Quand tu as entendu parlé du fameux « plafond de cumul allocations/salaires établi à 5 400 et quelques euros », tu t’es dit « Oh la la, mais je ne gagne pas ça moi !! Heureusement, qu’il y a un plafond !!! » Nous sommes bien d’accord et le Comité de suivi [1]préconisait même un plafond plus bas, sachant que celui-ci ne concerne que très très peu d’entre nous.

Tu as eu vent de l’occupation du Carreau du Temple, de ceux qui protestaient contre la signature de ces accords (je passe sur la manière absolument scandaleuse) desquels il résulte une augmentation des cotisations pour nos employeurs et pour nous-mêmes (+2% environ) et une précarisation extrême des intérimaires…Tu t’es dit « C’est dégueulasse, c’est toujours les mêmes qui trinquent mais fallait s’y attendre ! » ET TU EN ES RESTÉ LA !

Seulement voilà, il est des aspects dont tu n’as peut-être pas encore connaissance et qui vont te faire frémir ! Je veux te parler notamment du « différé d’indemnisation » !

Projette-toi à cet instant critique, que nous connaissons tous, du renouvellement de tes droits.
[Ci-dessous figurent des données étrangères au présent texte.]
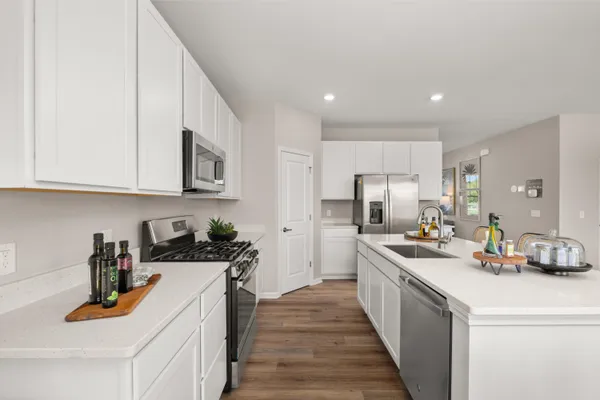 a kitchen with stainless steel appliances granite countertop a sink stove and cabinets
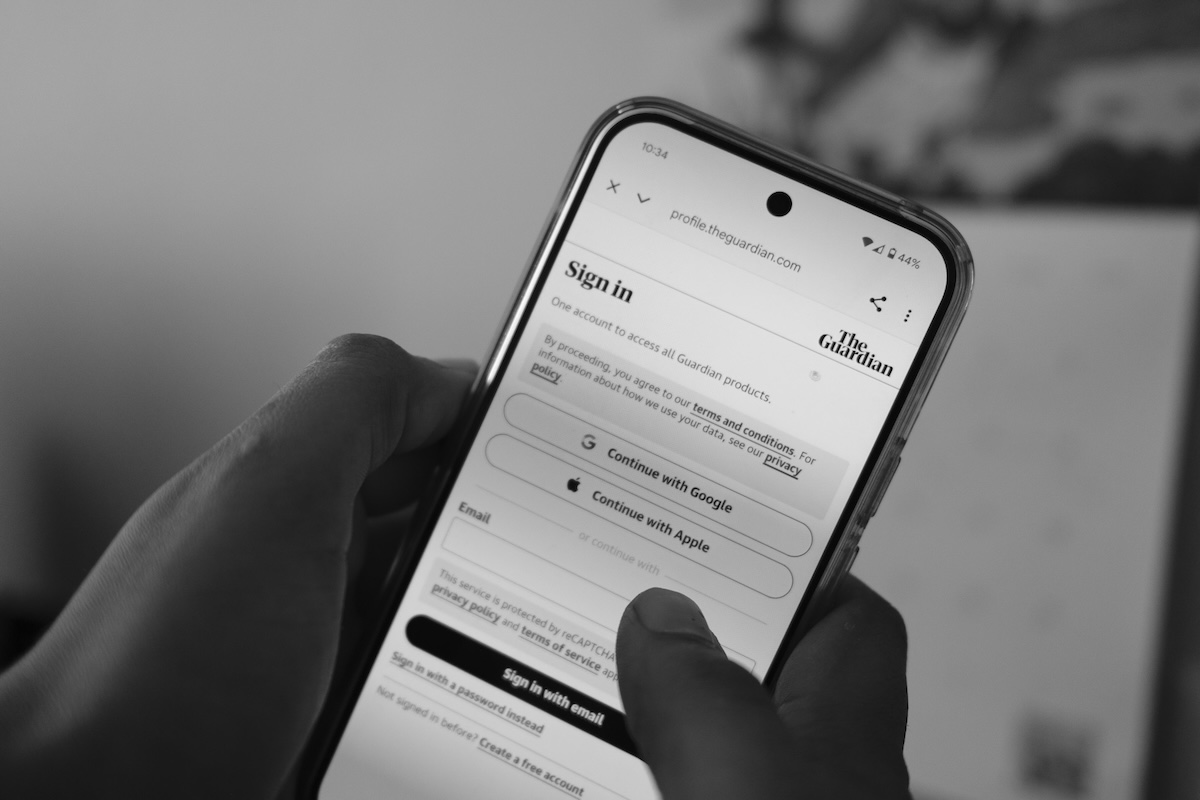 A photograph of a person holding a phone with the Guardian app open, showing the sign-in screen.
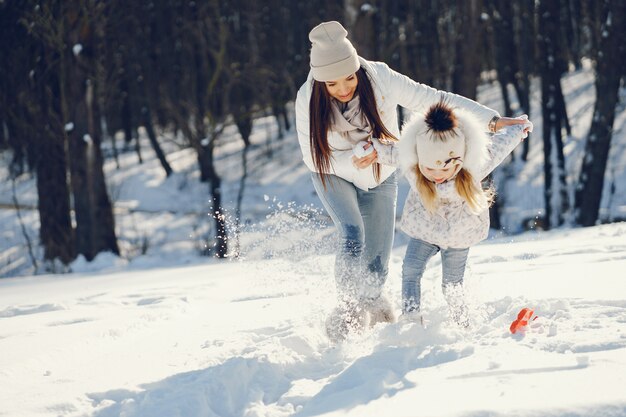 madre joven y elegante jugando con su pequeña hija linda en el parque de nieve de invierno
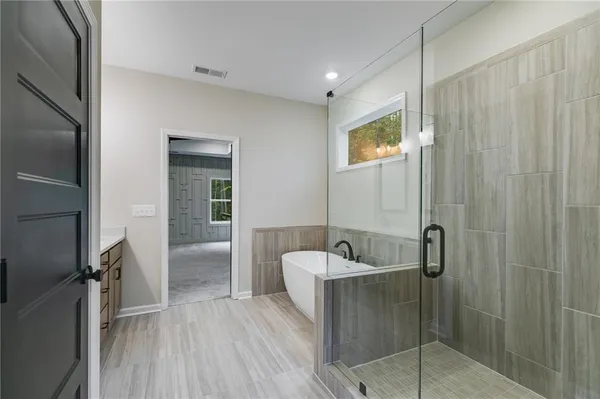 a bathroom with a sink and shower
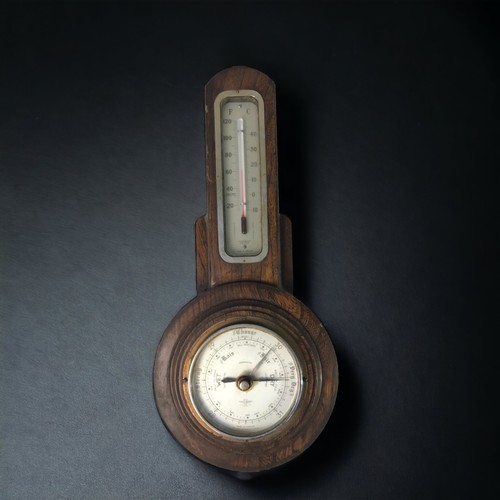 323 - A PAIR OF CARVED OAK BAROMETERS, 20TH CENTURY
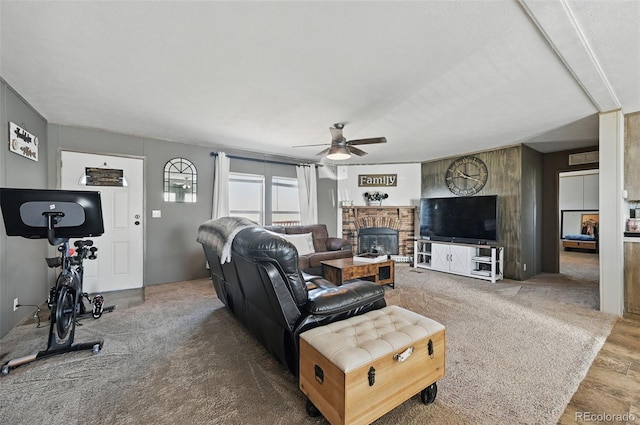 30890 Ken Vw, Yoder, CO 80864 - living room with a ceiling fan and a glass covered fireplace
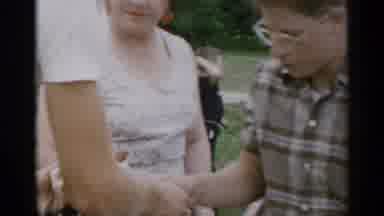 New York USA (1954): Serving Hot Dogs At A Barbecue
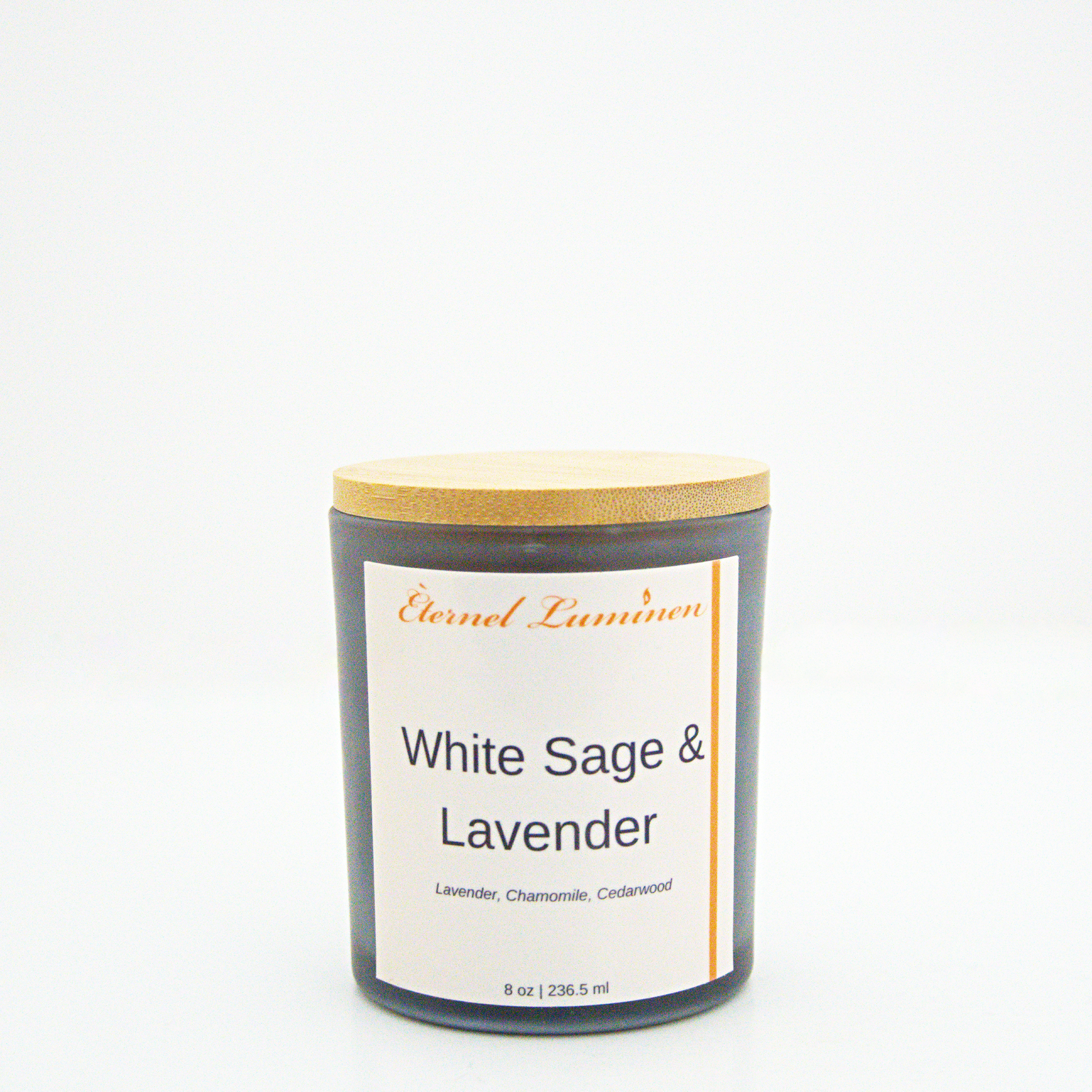 A 8 oz frosted White Sage & Lavender candle with a wooden lid sitting against a white background made by Eternel Luminen.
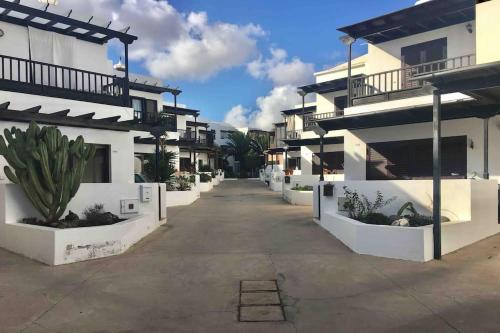 a row of white apartment buildings with potted plants at Duplex 3 dormitorios con parking privado in Costa Teguise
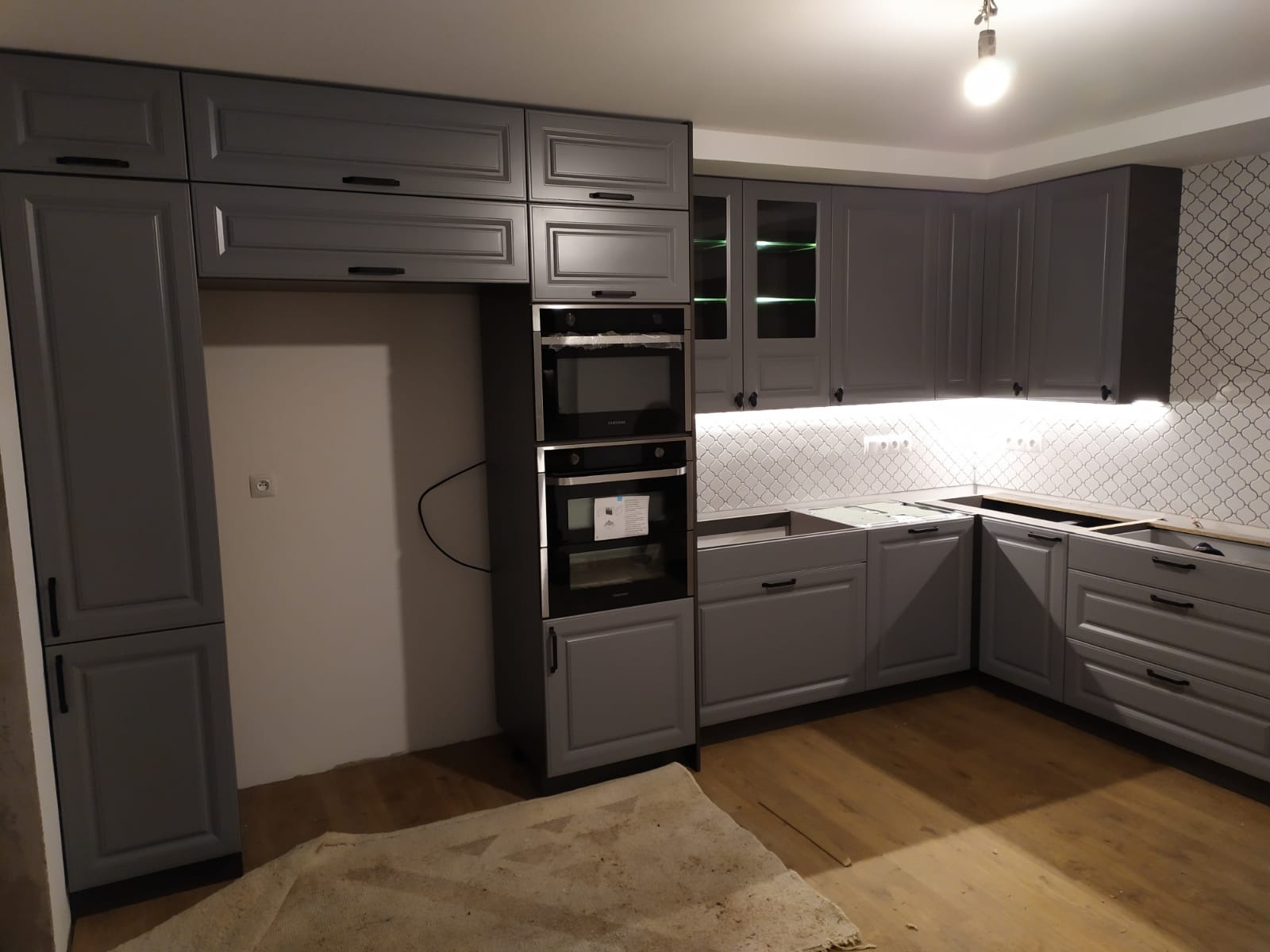 Szara zabudowa kuchenna z piekarnikiem i mikrofalówką w trakcie montażu, widoczne niezabezpieczone blaty i brakujące elementy wykończeniowe, podświetlenie LED nad blatem.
Hypothèse : Tu es comédien(ne), tu as bien travaillé lors des 10 mois et demi qui te servent de période de référence. Tu as cumulé 650 heures pour un salaire de référence (la somme des salaires bruts que représente l’ensemble de tes cachets) de 14 200 euros bruts après abattement !

Jusqu’à présent, on t’annonçait que tu allais toucher une allocation journalière de X euros à compter de la date Y + 7 jours de carence. Et tu repartais avec ton capital de 243 jours d’indemnisation. Mais ça, c’était avant !

À partir du 1er juillet, si cet accord est agréé par le gouvernement, aux 7 jours de carence, il te faudra ajouter 29 jours de différé d’indemnisation.

ATTENTION, ça ne veut pas dire que tu percevras tes indemnités à Y + 36 jours, ce qui serait déjà douloureux. Non, c’est plus retors que ça !
Imagine que ta date de réadmission soit le 1er janvier + 7 jours de carence et que ton allocation journalière soit de 63 euros. Dans le mois de janvier (31 jours), tu fais 100 heures = 13 jours travaillés (31-13 = 18 jours indemnisés). Tu percevrais aujourd’hui 11 jours allocations chômage (18-7 j de carence), soit 699 euros. Ce n’est plus vrai avec les nouvelles règles que prévoit l’accord ! Ces 11 jours font partie de tes 29 jours de différé d’indemnisation. Il t’en reste 18 à épuiser, d’ailleurs. Résultat : 0 euro en janvier !

Passons au mois de février (28 jours). Tu bosses 130 heures soit 16 jours travaillés. Tu percevrais aujourd’hui 12 jours d’allocations (28-16), soit 756 euros. Et bien non ! Tu n’as pas épuisé ton différé ! 18 (solde janvier) -12 jours de différé => il te reste 6 jours. Donc 0 euro en février !

Arrive mars : Tu fais 60 heures soit 7 jours travaillés. 24 jours à indemniser – 6 jours de différés = 18 jours x 60 euros = 1 134 euros d’allocation pour mars. C’est pas mal pour 3 mois. Youpi ! Tu vas enfin les entamer, tes 243 jours d’indemnisation…

Mais, pendant tout ce temps, tu as « glissé » et, lorsqu’il s’agira de ton prochain recalcul à épuisement de tes 243 jours et qu’on remontera 10 mois et demi en arrière, il y a de grandes chances qu’une grande partie -voire la totalité- des 290 heures effectuées sur ces 3 mois, passent…à la trappe !

ÉNERVANT NON ?…

Donc je résume à partir de ces hypothèses et de ces chiffres pris à titre d’exemple, mais assez proches, je pense, de la réalité.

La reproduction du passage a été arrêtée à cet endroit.